Work to be completed:
Will you write out, word for word, every line from the one with "Елена, 50 лет" to the final line of the data below, with the pictures left out?

Data:
§ §
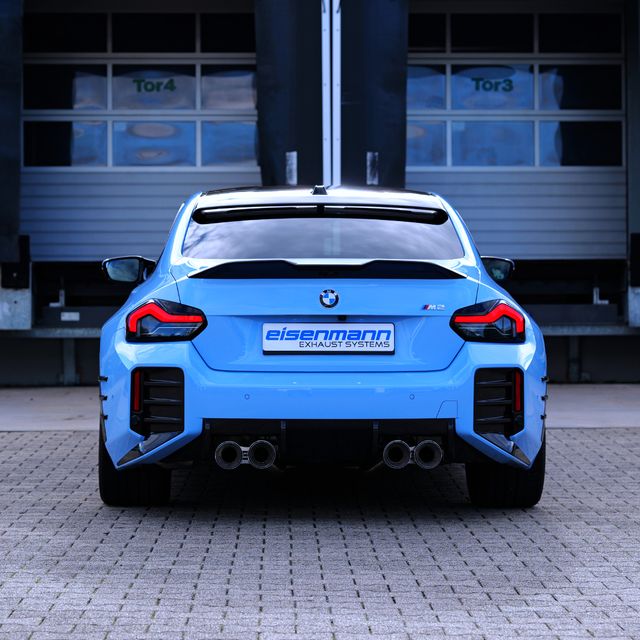 bmw_g87m2_eisenmann_bmw_studieag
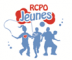 logo RCPO Jeune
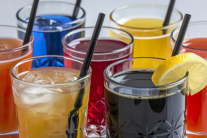 Từ bỏ nước ngọt gas: Tại sao khó và làm thế nào để thành công?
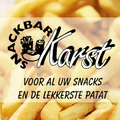 Snackbar Karst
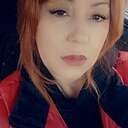 Елена, 50 лет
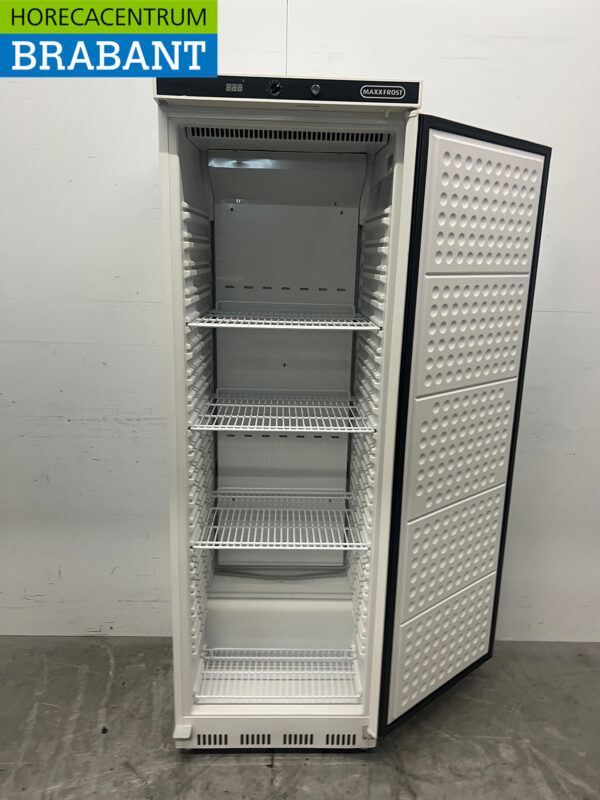 Maxxfrost Réfrigérateur 350 litres 230V Horeca – Image 4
§ §
Result for this task:
 Елена, 50 лет
 Maxxfrost Réfrigérateur 350 litres 230V Horeca – Image 4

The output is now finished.